So wie Du es gezeichnet hast, hätte ich vermutet dass es sein soll. Motor und Kompressor bilden mit ihren Schwenkpunkten ein Parallelogramm. Wenn dieses gut ausgeführt ist, was ich mangels Anschauungsmaterial nicht überprüfen kann, verändert sich dabei die Riemenspannung nicht. Soweit die Theorie.

Wieso neigt sich Deine Motorgetriebekombination bei Rückwärtskurven Fahrt so arg, relativ zum Rahmen Ich muss zugeben darauf habe ich bisher noch kein Augenmerk gelegt. Dies ist doch ohne Verwindung des Rahmens kaum möglich, da die hintere Lagerung ja kein Kippen zuläßt.
 
Hallo Jürgen,

auf dem Bild gucke ich in Fahrtrichtung. Also Kompressor rechts.

Wenn sich der Motor in seiner Lage relativ zum Rahmen verändert, dann tut er das seitlich ohne seine lotrechte Lage zu verlassen. Über die Verbindungsstange oben versucht er dann zwar den Kompressor "mitzunehmen", der aber ist unten am Rahmen schwenkend gelagert und damit in seiner Lageänderung behindert. Deshalb kann die Stange nur etwa die Hälfte der notwendigen Korrektur bewirken.

Und es ist tatsächlich so, jedenfalls habe ich das schon oft, auch bei anderen 411ern beobachtet: Der Lenkeinschlag führt schon zu deutlich sichtbaren Rahmenbewegungen. Wenn dann noch die Lenkkräfte gegenüber dem Untergrund dazukommen, werden diese Bewegungen zusätzlich verstärkt oder ausgeglichen, je nach Orientierung von Lenkeinschlag rechts oder links und Fahrtrichtung vor- oder rückwärts.
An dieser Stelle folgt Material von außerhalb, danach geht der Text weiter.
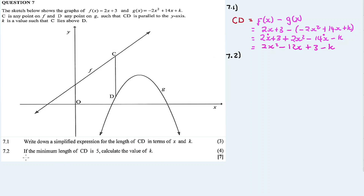Now 7.2: if the minimum length of CD is 5, calculate the value of K. The length CD is 2X² minus 12X + 3 minus K. In other words, the expression for CD is in fact a parabola — a quadratic equation in the standard form AX² + BX + C.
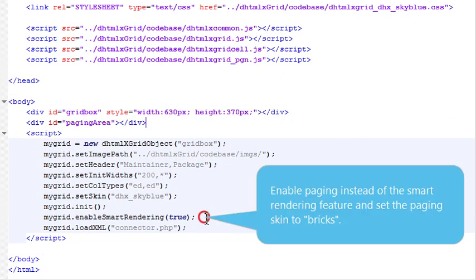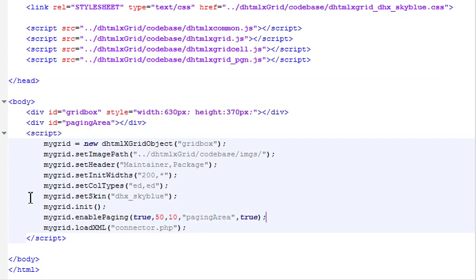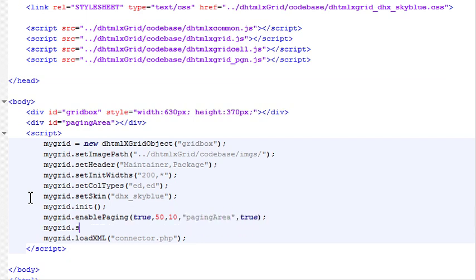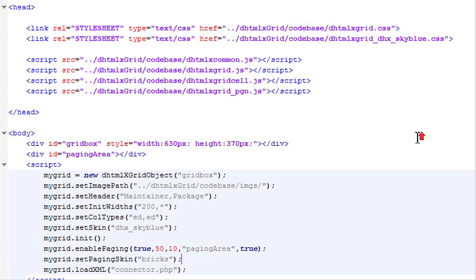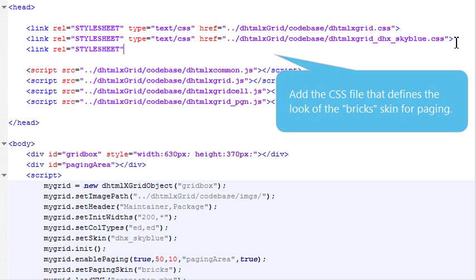Enable Paging instead of the Smart Rendering feature and set the Paging Skin to Bricks. Add the CSS file that defines the look of the brick's skin for paging.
Äähm, nun kommt mir gerade eine mögliche Lösung in den Sinn. Und die ist noch dazu ganz einfach. Eine geeignete Druckfeder in der Stange oben, mit Längslager, und gut is'! Man muß nur mal drüber schwätze' um die zündende Idee zu bekommen. :idea:
 
Hi,
normal ist eine Stange von Motor zum Luftpresser,um die Führungsstange eine Lange Feder in Gummianschlag und kompressorseitig mit Spint oder
Federring gesichert.
Schau Dir das mal in der EPC an.
Recht hast Du natürlich. Wenn ich ein Aggregat am Rahmen befestige und
am freien Drehpunkt stütze ist das nicht optimal.
Das geht wenn alle Lagerpunkte einwandfrei sind.Also:
Lager Kompressorkonsole,
Spannungsführung Kompressor oben
Motorlagerung vorne,
Getriebelagerpunkte hinten
und trotzdem schleift der Keilriemen auf dem Rahmen bei Verschränkung
Die Stützrolle am Rahmenpunkt innen macht irgendwie Sinn.
Probier mal was ....

Gruß Uwe
 
Danke Uwe, für den Hinweis,

im Werkstatthandbuch habe ich nun eine Abbildung mit Spannfeder entdeckt. Die habe ich aber in Natura noch nie gesehen. Sondern immer nur die feste Stange mit Kröpfung.

Eine Gasfeder könnte den gleichen Effekt haben. Ich hoffe, die vorhandene paßt (siehe Foto).

Dann bleibt noch das Schleifen des Riemenrückens auf dem Rahmen. Entweder eine Führungsrolle oder ein Gleitstück aus Edelstahl könnte da helfen. Mal seh'n.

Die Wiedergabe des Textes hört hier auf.